Cheap grace is like cheap termite control

To me, cheap grace doesn’t mean that it didn’t cost much, so much as it isn’t worth much. Still, sometimes there is a connection. The price of a car repair, or a surgical operation, is affected by how deep into the inner workings the professional will have to go. If you don’t believe you have a deep problem, or if you believe it’s already been fixed, you won’t pay the price needed to fix it. If your problem is termites and you won’t fix it, eventually you won’t have a house. If your problem is spiritual, you can patch over the holes, keep the telltale sawdust swept away, and ignore the swarms each spring. But in the end you’ll have no place to seek refuge from reality.

Redemption and lift, reconsidered

After reading my post Redemption and lift,
Tim McIntosh asked:

Has there ever been any empirical evidence that “redemption and lift” is a reality? There are many examples of poor sectors of countries that have had genuine revivals but no lift. The redemption and lift philosophy has been used to reject the idea of getting involved in holistic ministry.

Then what a bad use of the redemption and lift philosophy: to say that salvation has economic implications so we shouldn’t encourage them. That is, to paraphrase William Carey‘s critics, “If God wants to improve crop yields or reduce child abuse, he will do it without your help or ours.” If the Gospel affects the whole person, what kind of ministry is there besides holistic?

It turns out that in Donald McGavran’s Understanding Church Growth, one of the main points which he made in his chapter “Halting Due to Redemption and Lift” was negative, not positive: when poor people respond to the witness of the Gospel, they often want to leave the neighborhood, which leaves the neighborhood without their witness to the Gospel.

So I’m applying the term differently than McGavran did. However, you’re applying the term differently than I did. Notice that the examples I gave were on a personal/family level. When one man has more disposable income because he stops drinking, that doesn’t mean his whole community has more disposable income. However, if enough people stop drinking, some bars will go out of business, which affects the whole community. That happened in the 1905 Welsh Revival, documented by J. Edwin Orr.

Just a thought: you referred to “sectors of countries” but do the words “sector” or “country” (in our sense of those words) even appear in the New Testament mandates?
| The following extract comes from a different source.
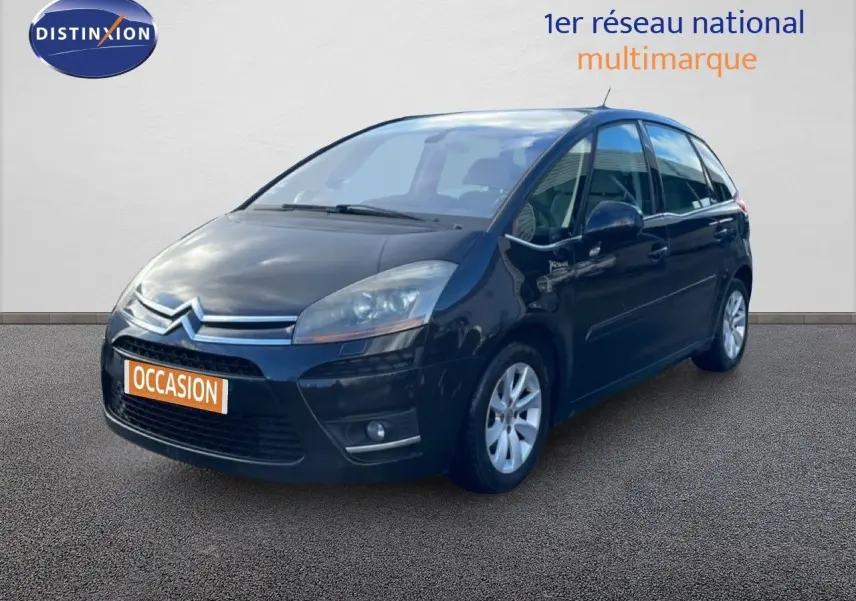 Citroën C4 Picasso noir métal vue 3/4 avant droit avec jantes alliage et calandre chromée.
The Gospel can transform sectors and countries, but it does that by transforming individuals, households, and people groups: all words which do appear in the New Testament mandates.

However, in the same way that lift can be promoted by redemption, lift can be thwarted by lack of redemption. If a “holistic ministry” focuses on fighting alcoholism among people who enjoy being drunk, that ministry is going to have some problems.

A million good atheists in New York City?

CNN reports that a coalition of non-religious organizations is running a atheist ad campaign in New York city subways, “designed to raise awareness about people who don’t believe in a god.”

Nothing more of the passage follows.